Rev. Mark L. Poorman, C.S.C., became University of Portland's 20th president on July 1, 2014. Prior to this role, Fr. Poorman served as executive vice president, beginning in July 2011. As executive vice president, he had oversight for the divisions of University operations, financial affairs, University relations and student affairs. He is a professor of theology, teaching courses in Christian ethics and moral theology, and he was instrumental in the formation of the Dundon-Berchtold Fund for Moral Development and Applied Ethics which includes the Character Project and the Dundon-Berchtold Fellowships for students and faculty to explore ethics-related issues. Until he assumed the presidency, he served as pastoral resident in Schoenfeldt Hall.
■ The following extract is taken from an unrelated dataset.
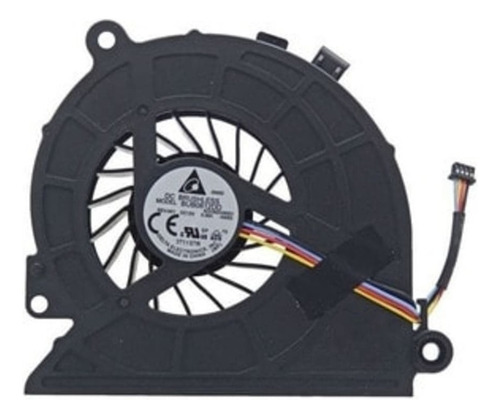 Cooler Fan Ventilador Para All In One Hp Compaq 18 Ect Nuevo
Fr. Poorman came to the University of Portland from the University of Notre Dame, most recently serving there as a member of the theology faculty and as vice president for student affairs from 1999 to 2010. In that capacity, he was responsible for that university's residential life as well as other student services, activities and programs, including campus ministry, Notre Dame Security Police, the student activities office, the counseling center, health services, the career center, the Office of Alcohol and Drug Education, the Gender Relations Center, and multicultural and international student services. Prior to his appointment as vice president for student affairs, Poorman served at Notre Dame as executive assistant to the executive vice president and the president.
Fr. Poorman graduated with a bachelor's degree in English from the University of Illinois. He earned a master of divinity degree from Notre Dame and was ordained a priest in 1982. He later studied at the Graduate Theological Union in Berkeley, California, where he earned a Ph.D. in Christian Ethics. He then returned to Notre Dame to serve full-time on the faculty of the theology department, directing the department's master of divinity program from 1992-1998.
Prior to his appointment as executive vice president, he served for seven years on University of Portland's Board of Regents.